The first thing that comes to mind when you hear the term Brazilian Music is Samba. And I don’t blame you for it! With tantalizing rhythms and gorgeous dancers, the sounds and images of Samba are burnt into our psyche.
But hang on a moment, what if I told you there is an even more alluring form? And that is the genre, Choro. It probably is not as well-known or popular as the Samba, but it has more of an alluring factor. Subjective? Maybe, but if I had to get into the heads of everyone reading this blog, this piece would have never been written. I don’t mean to be disrespectful to my readers, but I am sure all of you get my drift.
Brazilian music, synonymous with the vibrant beats of Samba and the melancholy strains of Bossa Nova, also finds resonance in a lesser-known but deeply rooted genre: Choro. An intriguing blend of African rhythms, European harmonies, and indigenous forms, Choro is a musical tradition enriching Brazil’s soundscape for over a century.
Originating in the mid-19th century in Rio de Janeiro, Choro emerged from the cultural melting pot that was Brazil post-abolition. European immigrants brought classical forms and instruments – primarily flutes, guitars, and the Portuguese cavaquinho, a small stringed instrument similar to a ukulele. The rich rhythmic legacy of Africa passed down through the freed slaves was incorporated into this instrumental blend, giving birth to a uniquely Brazilian sound.
Choro, literally translating to ‘cry’ or ‘lament’ in Portuguese, may seem a misnomer for this lively music. But it reflects the genre’s emotional depth, which conveys melancholy, joy, nostalgia, and jubilation. It embodies “Saudade,” a Portuguese term capturing the complex feelings of longing, loss, and love.
Traditional Choro is characterized by its complex structure, intricate melodies, and improvisation, making it the ‘jazz of Brazil.’ It’s typically performed by a ‘roda de choro’ (choro circle) featuring soloists who play the melody and improvise on small stringed instruments. At the same time, the rhythm is maintained by a seven-string guitar and light percussion, such as the pandeiro (Brazilian tambourine).
Instrumental prowess is an essential aspect of Choro. Musicians like Pixinguinha, Jacob do Bandolim, and Waldir Azevedo has been instrumental (pun intended) in elevating Choro to a revered art form.
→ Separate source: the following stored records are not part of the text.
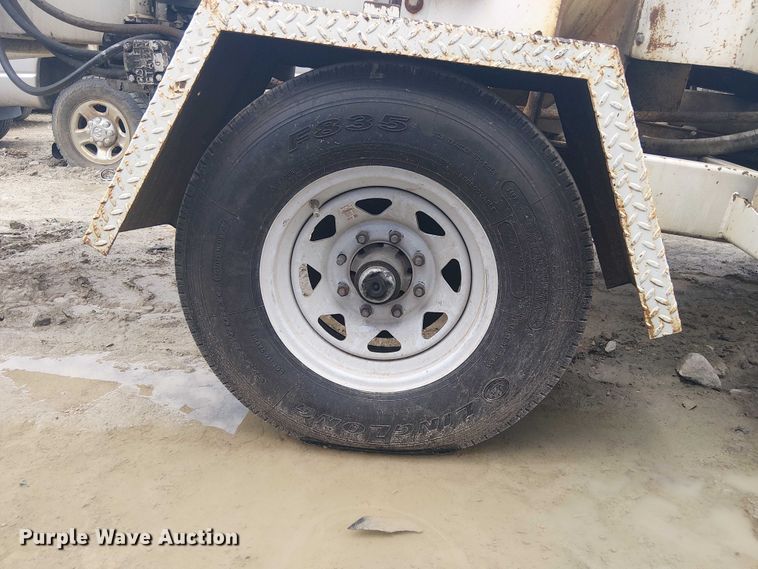 image for item YA3308 Bandit 200 wood chipper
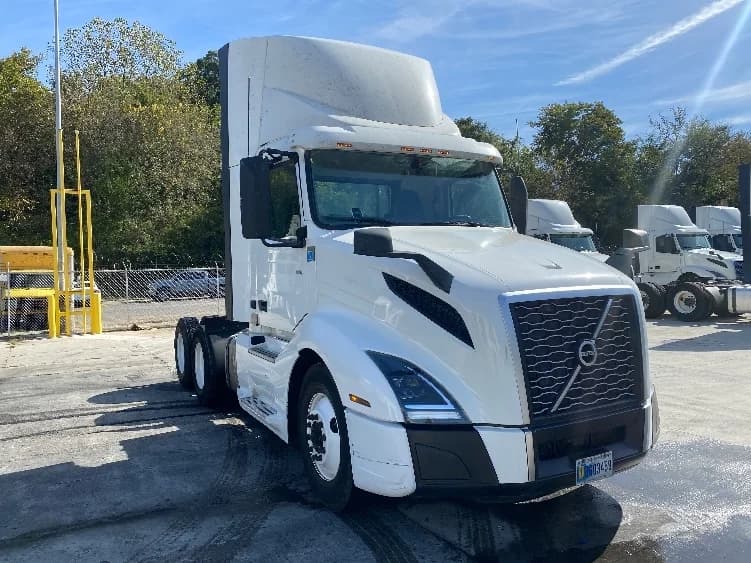 2020 Volvo VNL 300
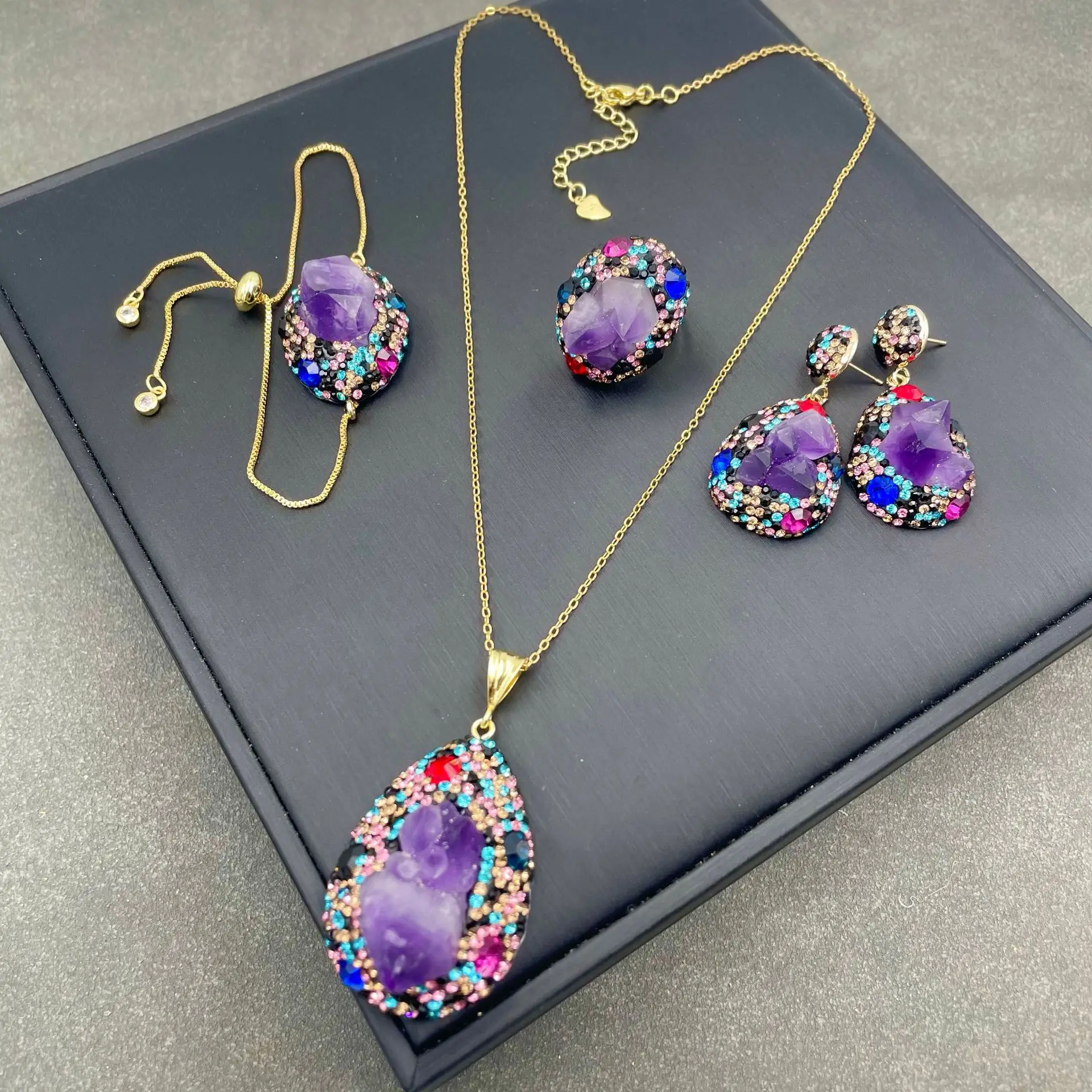 

Ретро бриллианты, украшенные ручным орнаментом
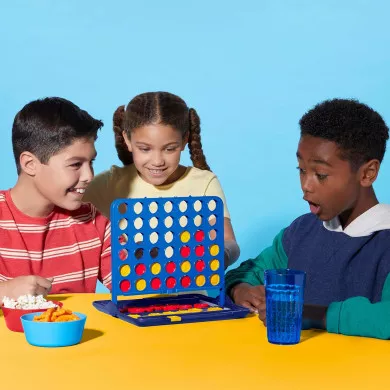 Gioco da Tavolo Forza 4 Hasbro, Custodia Valigetta e Segnapunti, Gioco Strategia 6+ Anni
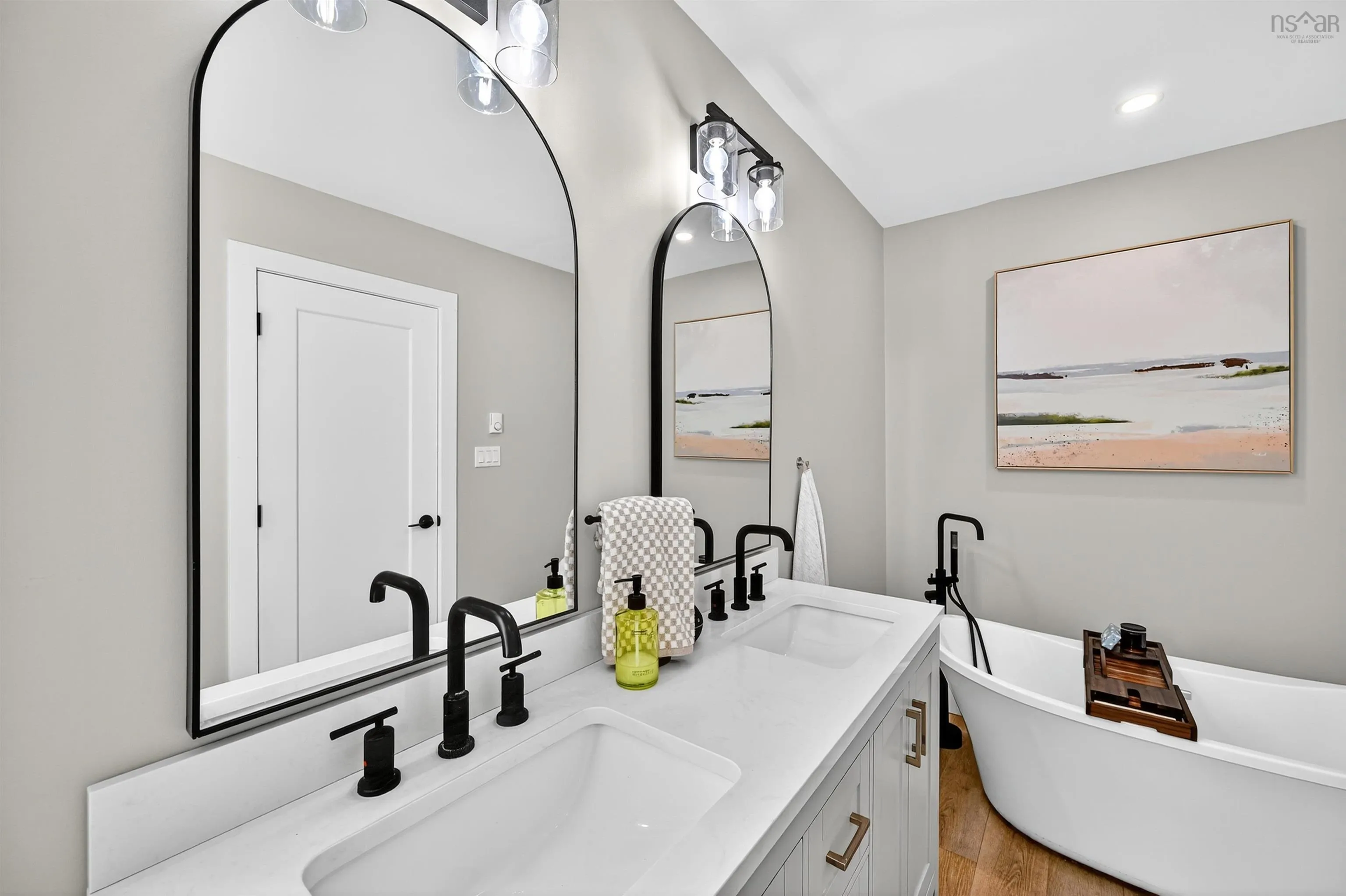 781 Westmount Road, Sydney, NS B1R 1B9, 4 Bedrooms Bedrooms, ,4 BathroomsBathrooms,Residential,For Sale,Westmount,202525422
Pixinguinha, in particular, is celebrated as one of Brazil’s greatest composers, a virtuoso flutist and saxophonist who enriched Choro with Afro-Brazilian elements and jazz-like improvisations.
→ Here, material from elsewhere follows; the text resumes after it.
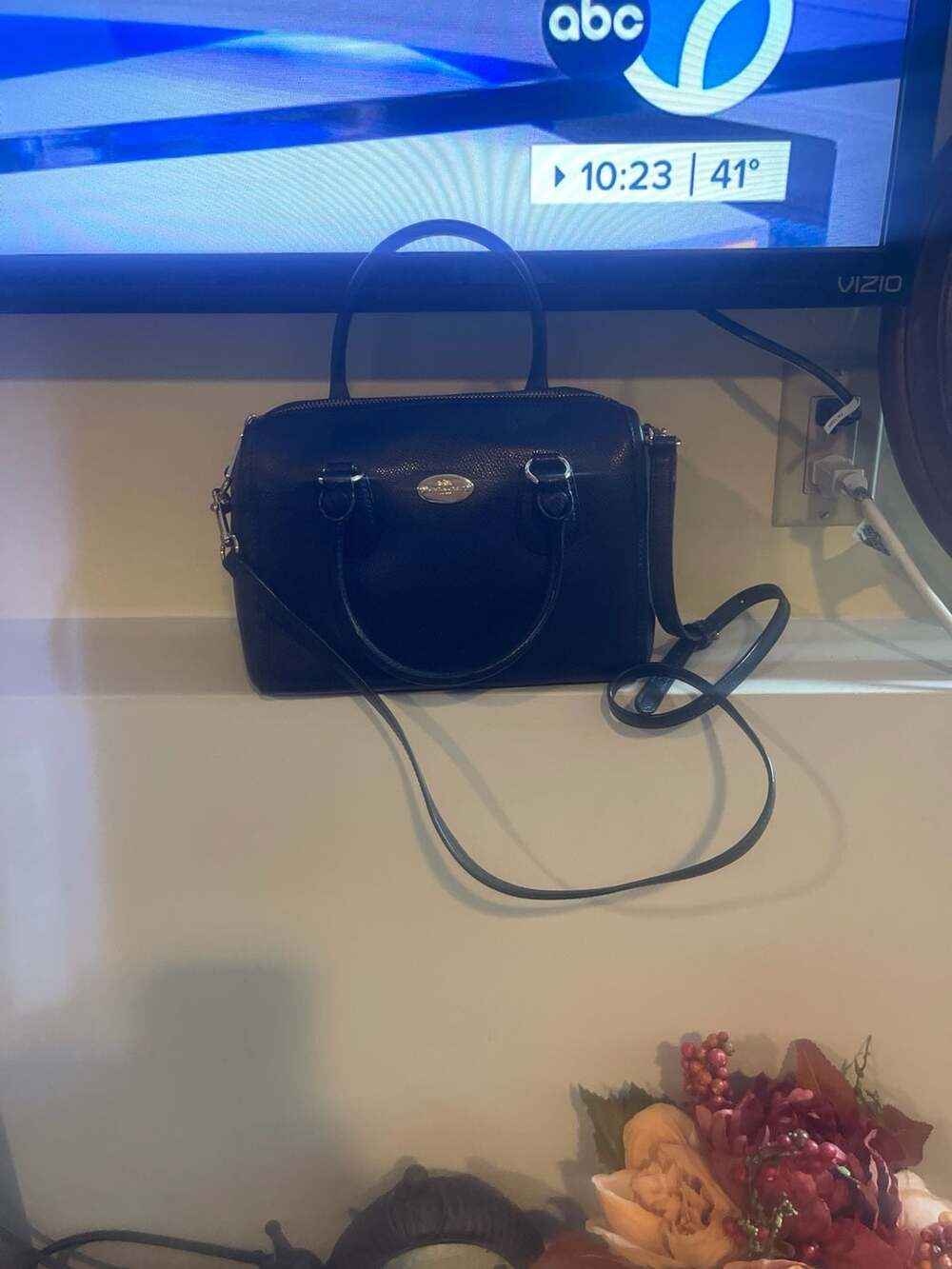 Coach leather Crossbody 9×7 purse handbag satchel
Over the decades, Choro has evolved while retaining its core elements. It has incorporated modern instruments, expanded its repertoire, and ventured beyond Brazil’s borders. Today, it’s common to hear Choro performing at music festivals worldwide, from Paris to Tokyo, resonating with audiences who may not understand Portuguese but connect deeply with the universal language of music.
In recent years, a new generation of musicians has taken up the mantle of Choro, infusing it with elements from other musical genres and ensuring its continuing relevance in a rapidly globalizing world. Artists like Yamandu Costa and Hamilton de Holanda are demonstrating the versatility and vibrancy of Choro to a new audience, blending tradition with innovation.
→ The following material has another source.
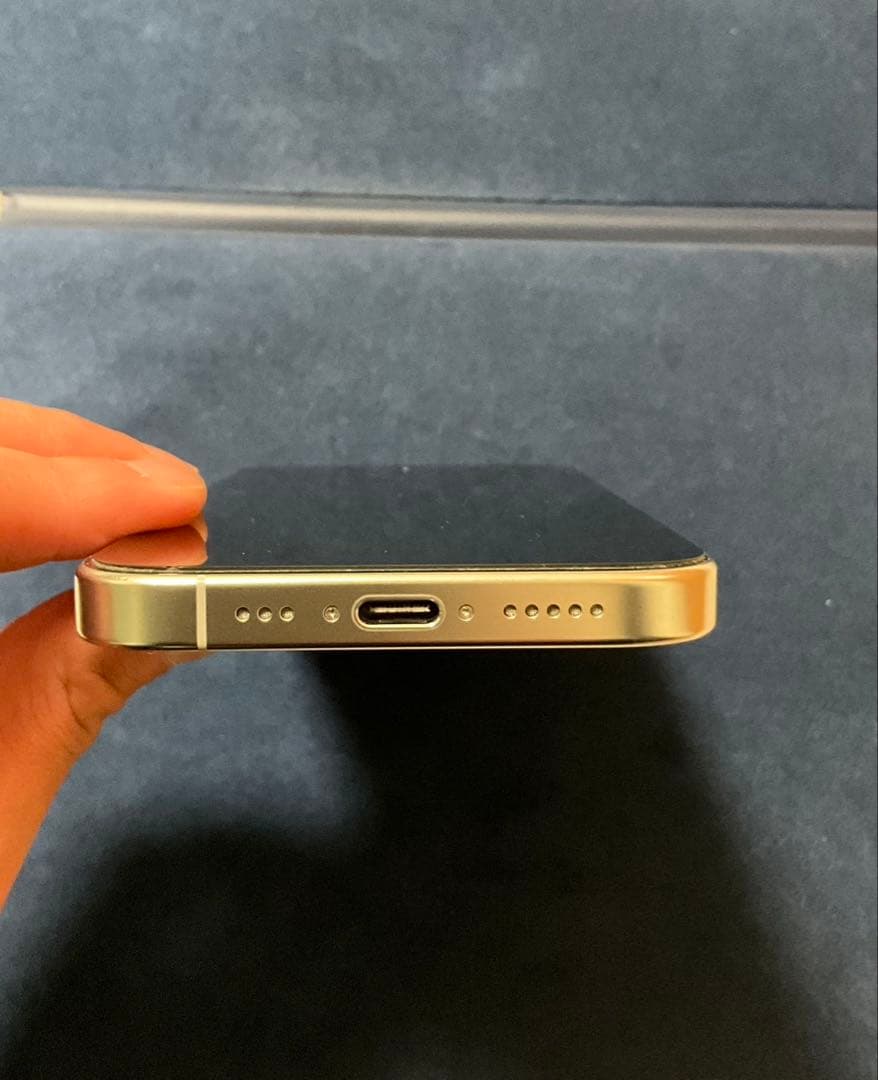 最終値下げ iPhone16Pro 256GB ホワイトチタニウム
In conclusion, Choro is a testament to the power of cultural synthesis, a genre that celebrates diversity and unity in each rhythmic pulse. It’s a ‘cry’ that dances, a ‘lament’ that rejoices, embodying the paradoxes and profundities of the Brazilian spirit. Choro is not just a genre; it’s a dialogue between past, present, and future, a musical narrative of Brazil that continues to evolve and enchant.
From the lively Rodas de Choro on the streets of Rio to international concert halls, the pulsating rhythm of Choro invites us to partake in a journey of emotional and cultural exploration. The Choro plays on as the world tunes in, speaking in notes and rhythms, whispering tales of rich history, and promising a vibrant future.